Consider a smooth, compact $(d-1)$-dimensional hypersurface $S$ without boundary embedded in $\mathbb{R}^d$. The surface $S$ can be described as the graph of a function $f(x_1,x_2,\cdots,x_{d-1})$. Using the tangent plane to $S$ at some point $\mathbf{x}$, endowed with an orthonormal basis $\{{\bf e}_1,\cdots,{\bf e}_{d-1}\}$, one can Taylor expand the function $f$ around ${\bf x} = 0$ as \begin{aligned}\label{graph} f({\bf x }) = \frac{1}{2} K_{ij} x^{i} x^{j} + \frac{1}{3!} A_{ijk}x^{i} x^{j} x^k + \frac{1}{4!} B_{ijkl}x^{i} x^{j} x^k x^l+ O \left(| {\bf x} |^5 \right). \end{aligned} The quadratic term is the extrinsic curvature of $S$ as embedded in $\mathbb{R}^d$, also called the second fundamental form. However, the higher order terms in the expansion are less known and I was wondering what the tensors $A$ and $B$ correspond to? I would guess they depend also on the extrinsic curvature (and its derivatives), but what is their exact form? I cannot find anything beyond second order.
Disclaimer: physicist notations
Let me start by summarizing what you're doing: Fix a point $p$ on the hypersurface $S$. Move the hypersurface rigidly so that the point is at the origin and the hypersurface is the graph of a function $f$ that has a critical point at the origin. Then the $k$-th order term of the Taylor series of $f$ at the origin defines a symmetric $k$-tensor on $\mathbb{R}^{d-1}$. If you do this for each point in the hypersurface, you get a symmetric $k$-tensor field along the entire hypersurface.

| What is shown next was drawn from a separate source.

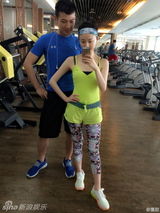 组图：景甜健身房挥汗如雨 平胸素颜身条纤细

We can calculate the second and third order tensors at the origin as follows: $\newcommand\R{\mathbb{R}}$
Consider a function $f: O \rightarrow \R$, where $O\subset \R^{d-1}$ is open. Assume $$f(0) = \partial_1f(0) = \dots = \partial_{d-1}f(0) = 0.$$ Let $\phi: O \rightarrow \R^d$ be the graph map $$ \phi(x^1, \dots, x^{d-1}) = (x^1, \dots, x^{d-1},f(x^1, \dots, x^{d-1})). $$ Let $\nu: O \rightarrow S^{d-1} \subset \R^d$ be the Gauss map composed with $\phi$. Observe that for $k \ge 2$, the $k$-order tensor $A$ at $0$ is given by $$ A_{i_1\dots i_k}(0) = \nu(0)\cdot \partial^k_{i_1\cdots i_k}\phi(0). $$ On the other hand, if $k=2$, \begin{align*} \nu\cdot\partial^2_{ij}\phi &= \partial_j(\nu\cdot\partial_i\phi) - \partial_j\nu\cdot\partial_i\phi\\ &= -\partial_i\phi\cdot S(\partial_j\phi)\\ &= -K_{ij}, \end{align*} where $S$ is the shape operator and $K$ is the second fundamental form. Evaluating this at $0$, we get $A_{ij} = -K_{ij}$.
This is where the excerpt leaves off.